While the recent ban on the operations of Okada riders has drawn cheers and jeers, the debate on its propriety or otherwise would not just go away. With gory tales of ritual killings, robbery, kidnapping, assassination said to be oxygenated by the activities of Okada riders, the action of the state government, for some residents, was long overdue.

 

But concerns are rife about the economic and security implications of the ban as many argue that with the ban, thousands of young people would be rendered jobless; making their minds the playground of the devil.

 

The Lagos State governor, Babajide Sanwo- Olu, had last week declared a total ban on the operations of commercial motorcycles in six local governments. The six local governments listed by the governor are Ikeja, Surulere, Eti-Osa, Lagos Mainland, Lagos Island, and Apapa.

 

According to Sanwo-Olu, the government took the decision in line with the State’s Transport Sector Reform Law of 2018 to expeditiously address the chaos and menace created by the operations of Okada in the aforementioned areas, noting that after a critical review of the state’s restriction on Okada activities in the first six Local Government Areas where it restricted them on February 1, 2020, the menace has not abated.

 

“We are now directing a total ban on Okada activities across the highways and bridges within these six Local Governments and their Local Council Development Areas, effective from June 1, 2022.

 

“This is a phased ban we are embarking on this period, and we expect that within the    short while when this ban will be enforced, Okada riders in other places where their activities are yet to be banned can find something else to do.

 

We have given the notice now and we expect all commercial motorcycles plying the routes in the listed councils and areas to vacate the highways before enforcement begins.
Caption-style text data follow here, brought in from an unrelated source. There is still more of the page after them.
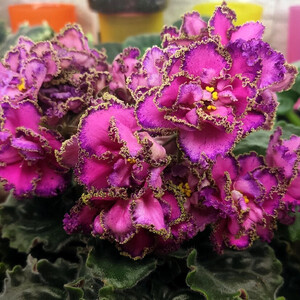 АВ-Антидепрессант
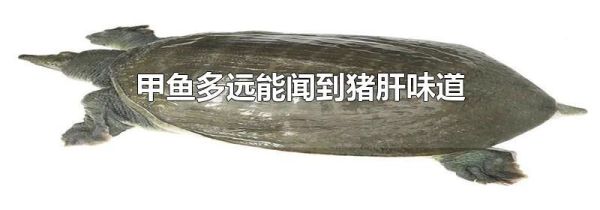 甲鱼多远能闻到猪肝味道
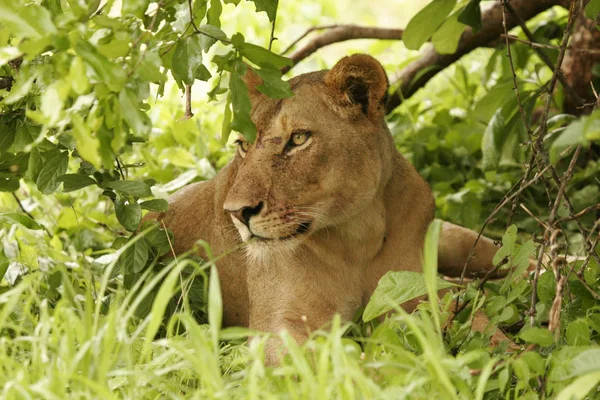 Leeuw wild gevaarlijk zoogdier africa savannah Kenia — Stockfoto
The enforcement will be total,” the governor said.

 

Dossier of impunity

 

On May 12, 2022, a sound engineer,David Sunday Imo, was said to be lynched by irate motorcyclists, who alleged that he had used a charm on one of them, making the said victim lose and regain consciousness following a dispute over, according to sources familiar with the matter, a N100 balance.

 

But the management of Beer Barn, the leisure facility in the Lekki area of Lagos, near where the sound engineer was burnt to death by irate commercial motorcyclists, said it had requested to know what the issue was and members of the mob replied that somebody from its facility had used a charm to hit one of its members, who was presumed dead.

 

“While we were engaging the mob, David, who was alleged to have used the charm, came out of our facility and was forcibly taken away from our premises by the mob,  which insisted he was a yahoo boy (internet fraudster) trying to use the victim for a money ritual. “Our internal security men couldn’t stop them in spite of their best efforts,” the statement said.

 

Following the recent ban on the activities of Okada riders on some Lagos roads, the riders were said to have pelted policemen with stones and other dangerous items during an enforcement exercise in Ojo Local Goverment Area, LGA.

 

In September 2021, our sister publication, New Telegraph had reported how a Chief Superintendent of Police (CSP), Kazeem Abonde, was killed by mob of motorcycle riders at Ajao Estate area of the state.

 

It was gathered that the senior officer was murdered shortly after he graduated from the Nigerian Law School and had also designed the logo of his law firm, which he planned to set up on retirement, which was said to be months away.

 

We are set for backlash

 

In an interview aired by Channels TV recently, Lagos State Commissioner of Information, Gbenga Omotosho, explained that the state government was ready for the possible backlash of the ban. His words: “Well, before Mr. Governor, Babajide Sanwo-Olu, made the pronouncements he made, you could see from the footage that you showed that he had a meeting with all policemen; the DPOs, the Area Commanders, the Commissioner of Police.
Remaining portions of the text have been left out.